Creating the word cloud
I downloaded a .csv file that contains information on the topics that SAS employees have been sharing with their peers through April 27, 2015. I imported the .csv file into SAS Visual Analytics and created a word cloud in the SAS Visual Analytics Explorer. Because I imported the data, by default, it was loaded to the Public LASR Server, so I made sure to enable the English stop list on the Public LASR Server.
Stop lists. Stop lists are used in text analysis to remove common words from the analysis and filter out noise. In the Properties tab for the word cloud, I entered 6 for the Maximum topics. Below is the initial word cloud, and you can see that for the first topic (analytics, social, +business, +medium), the words analytics, business, social and medium are the most important terms in the topic. No surprise that they also end up being the terms used to describe the topic!

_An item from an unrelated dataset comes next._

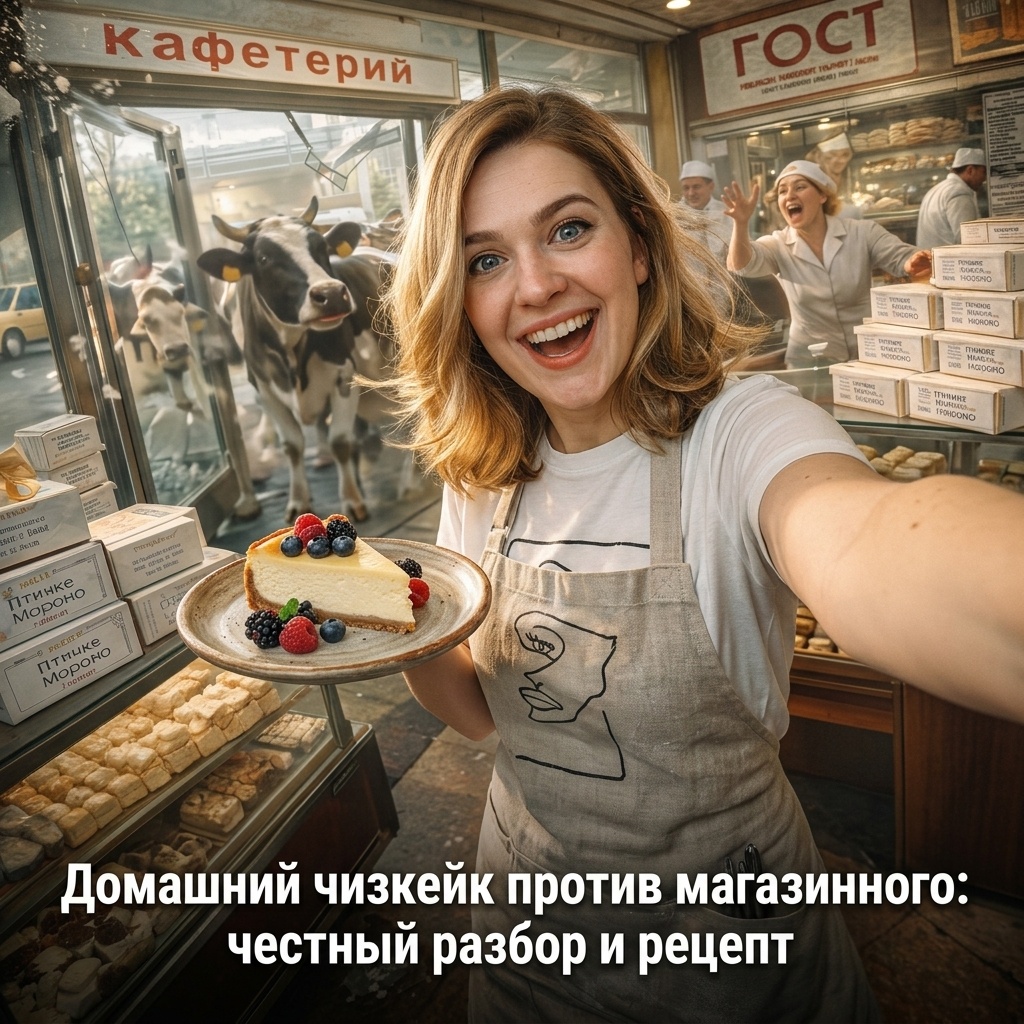    Наглядное сравнение домашнего и покупного чизкейка admin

Stemming. The + sign in front of a topic term indicates that stemming is being used. Stemming consolidates all forms of a word into one term. For example, the terms “make”, “makes”, “made” and “making” would be stemmed to +make). Stemming along with a stop list makes for a more concise word cloud. So this initial view of the word cloud shows us the different topics that were identified, and then within each topic, shows us the most relevant terms within each topic.

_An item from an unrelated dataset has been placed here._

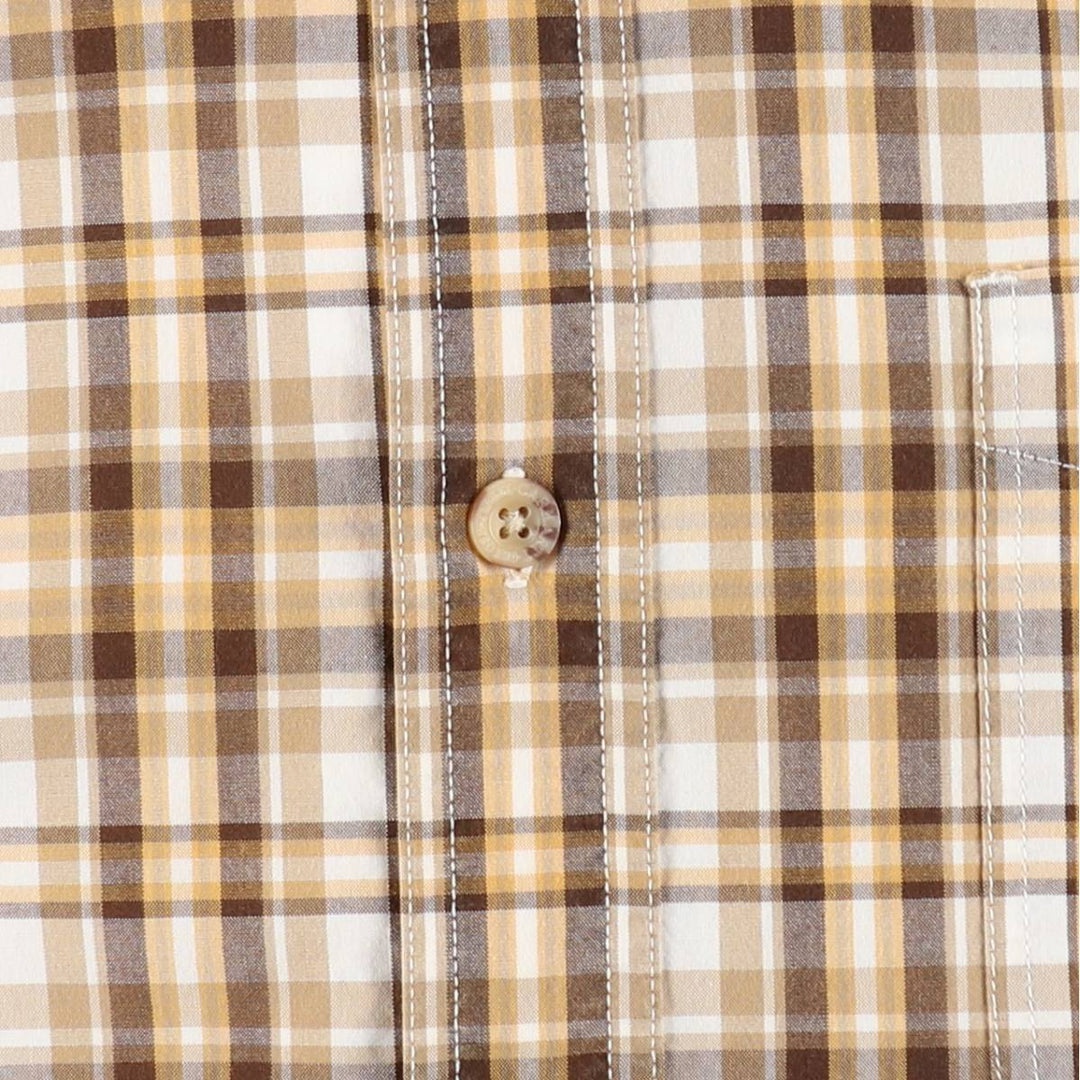 Carhartt Check Pattern Button-down Short Sleeve Work Shirt, Men's Size L cotton yellow type Vintage Second Hand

Enabling sentiment analysis
Now let’s enable sentiment analysis. This task is just a matter of selecting a checkbox on the Properties tab of the word cloud. Here’s the updated word cloud, and you can see that the topic list is now colored by sentiment (green = positive, yellow = neutral and red = negative). In the upper right of the word cloud, you see a reference to how many documents are considered to be positive (406), neutral (1,687) and negative (193) for the selected topic.
Working with the analysis
If you click on a term in word cloud, the details table opens at the bottom of the Word cloud. It shows each document in the topic that contains the selected term, the sentiment for the document, the relevance and any other fields that you assigned to the Document details role. In the screenshot below, the term business is selected and the details table has been expanded vertically. There are 225 documents that contain the term business.
Now that the details table is open with the term business selected, we can filter by sentiment just by checking or unchecking the boxes in the upper right of the details table. The screenshot below shows that only the positive box is checked and that there are 33 documents in the topic that have positive sentiment.
In the real world, by focusing on either the positive or negative sentiment documents, it should become evident what customers like or don’t like about a product. Armed with this information, businesses can either find opportunities for new products or fix issues that customers might have with their products and services. I think you’ll agree that the addition of sentiment analysis within SAS Visual Analytics is another great example of how SAS is democratizing data.